Brazing Stainless Steel
Different grades of stainless steel are available on the market, and their melting points range from 2500°F to 2750°F. The clearance required for brazing stainless steel is 0.002-0.005 inches. Stainless steel is a widely used alloy due to its special properties, and a variety of filler materials are available, depending on its properties and applications. Some of them are nickel-bearing alloys like Silvaloy 505, Silvaloy 404, Easy-Flo 3, cadmium-free alloys, and silver base alloys. The most commonly used flux when brazing stainless steel is FB3-C paste flux.
The melting point of aluminum is 1221°F, and the clearance required for aluminum brazing is 0.001 to 0.005 inches. Copper and silicon are usually added to provide good joining strength and a lower melting range. Magnesium is also added to facilitate oxide dispersion when brazing in a vacuum. Both corrosive and non-corrosive fluxes are used in aluminum brazing.
Metals You Should Not Braze
While it is possible to braze almost all metals if you are careful about the temperatures and the filler metal to be used in the process, metals like gold and silver, which are considered heating metals, require extreme care and precision while brazing. These two metals are therefore soldered more often than brazed. Although soldering will not be as strong as brazing, it can still produce an excellent bond to hold the pieces together.
Brazing Two Metal Pieces: Things to Keep in Mind
Safety is one of the most critical factors while carrying out processes that involve high temperatures and the use of chemicals. For this reason, brazing is a process that should be performed only by skilled professionals. Here are some of the useful tips for safe brazing.
- Make sure that you are wearing protective gloves and a shield to cover your eyes.
- Ventilate the area using fans and exhaust hoods, as brazing may involve releasing dangerous fumes and gases.
- Clean the base metals thoroughly, as any contamination will not only cause improper alloy bonding but may also add to the hazardous fumes released.
- Supply adequate flux while brazing, as it protects the filler metal and the base metals. This practice also helps in suppressing the gases emitted by volatile elements.
- Ensure that the base metals are heated uniformly. Intense or localized heating can again cause dangerous fumes to release.
- Know your base metals and filler metals. It is essential to know the properties of both to avoid unwanted fuming, improve efficiency, and guarantee solid joining of the metal pieces.
- Once brazing is complete, make sure to give the metal piece sufficient time to cool down and form a proper joint.
When to Choose Brazing Over Welding?
Fundamentally, there are three different processes for joining metals: brazing, welding, and soldering. But when should you choose one over the other?
The reason why some applications require brazing rather than welding is that brazing offers tighter control over the joining process compared with welding.
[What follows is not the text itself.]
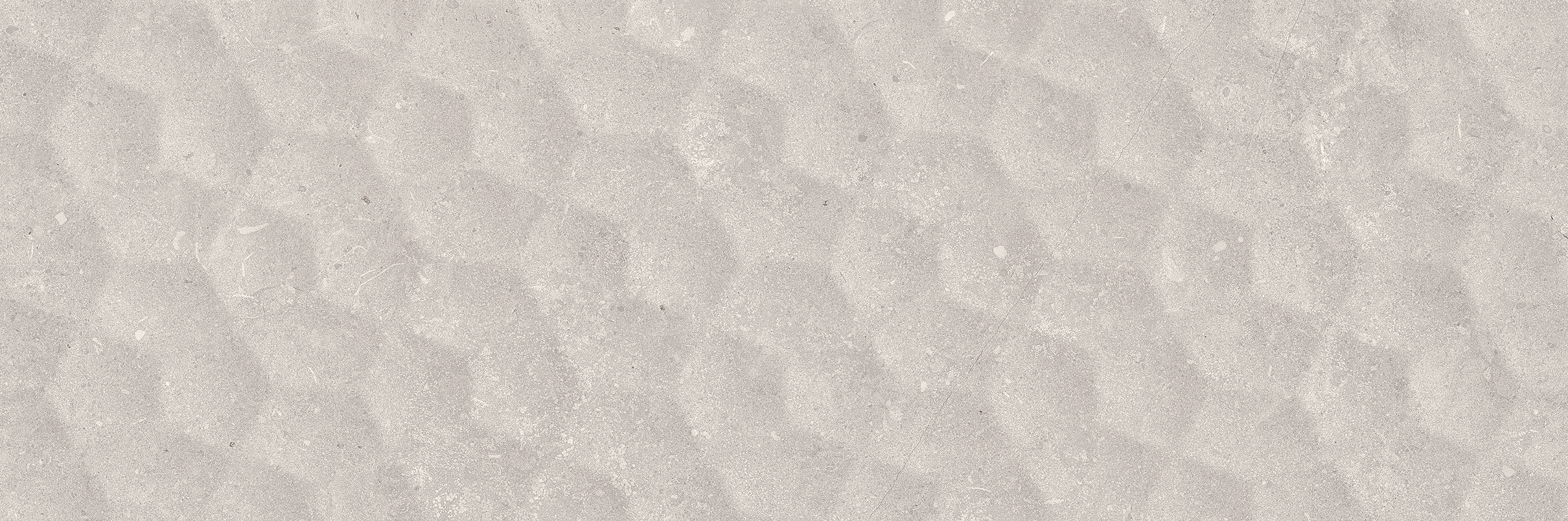 Recer Freestone 3D Dark Grey 30x90R piastrella Natural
Also, brazing does not melt the base metal, preventing any unwanted damage to the metal.
Another advantage of brazing is that it can join two different metals since the bonding comes from the filler material. Brazing also requires less power than welding.
However, brazing falls short in contrast to welding when it comes to bond strength. The ability of welding to melt the base metal creates much stronger bonds between two metal pieces.
If you compare brazing and soldering, the brazing process can be considered a more powerful version of soldering. Both methods use molten filler material to join similar or dissimilar metals. However, with brazing, the bonds are much stronger.
Selecting the correct metal joining technique also depends on the type of base metals that you need to join. Brazing and soldering are suitable for only a selected few metals, while welding is possible for a range of metals.